O desconhecido Assis Valente

Por Daniel Brazil - 23/03/2011

Assis Valente faria cem anos em 2011. Ou talvez tenha feito em 2008. Foi um órfão adotado? Uma criança roubada dos pais? Um baiano carioca ou um carioca baiano? Tomou formicida por causa das dívidas? Teria sido rejeitado por Carmen Miranda? Compunha mesmo um samba por dia? Cortou os pulsos depois de uma briga com Elvira Pagã? Era depressivo e tentou várias vezes acabar com a vida?

Valente é o mais desconhecido dos grandes mestres da música popular brasileira. Foi o autor de bem humoradas canções de nosso repertório, mas era um tristonho. Sua biografia é fugidia, contraditória, cheia de pistas falsas. É certo que era protético de profissão, e compunha com espantosa facilidade. Veio para o Rio em 1927, e começou a mostrar seus primeiros sambas na década de 30. Tem Francesa no Morro foi gravada por Aracy Cortes, em 1932, abrindo o caminho para uma enxurrada de sucessos que teve como principal intérprete Carmen Miranda: nada menos que 25 sambas de Assis Valente foram eternizados pela Pequena Notável.

A lista de clássicos com a diva é bem grande, e surpreende os leigos.

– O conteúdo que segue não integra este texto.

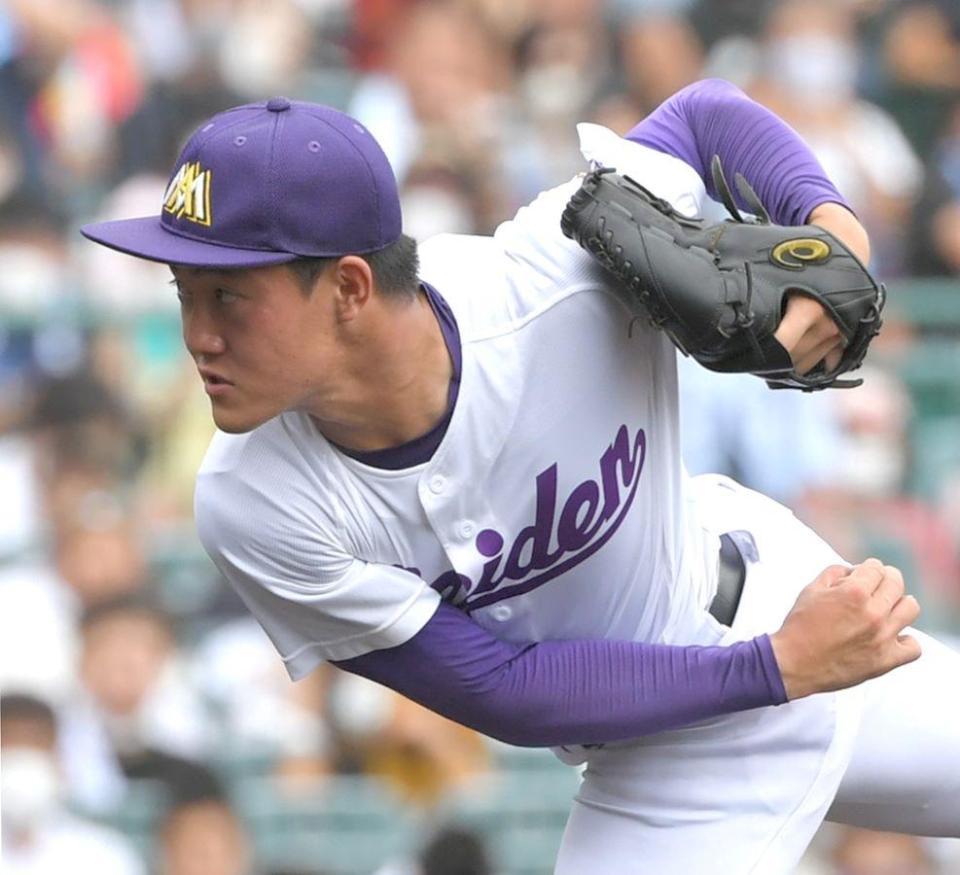 　７回途中から登板した愛工大名電・岩瀬（撮影・北村雅宏）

Camisa Listrada. Brasil Pandeiro. E o Mundo Não se Acabou. Uva de Caminhão. E Bateu-se a Chapa. Por Causa de Você, Ioiô. Minha Embaixada Chegou. Recenseamento.

Assis Valente fez samba-canção, samba-choro, batucada, marchinha carnavalesca e até canção junina: Cai, Cai, Balão virou sucesso absoluto, daqueles que se confundem com as canções folclóricas. E a mais famosa (e triste) canção natalina composta neste país é certamente Boas Festas (“eu pensei que todo mundo fosse filho de Papai Noel...”).

Mas não teve uma intérprete exclusiva. Araci de Almeida imortalizou "Fez Bobagem”. Marlene gravou e regravou muitas jóias. Carmélia Alves estreou em disco gravando Assis Valente (“Quem dorme no ponto é chofer”). E sobram bons intérpretes masculinos: Quatro Ases e um Coringa, Almirante, Nuno Roland, Orlando Silva e Francisco Alves, entre outros.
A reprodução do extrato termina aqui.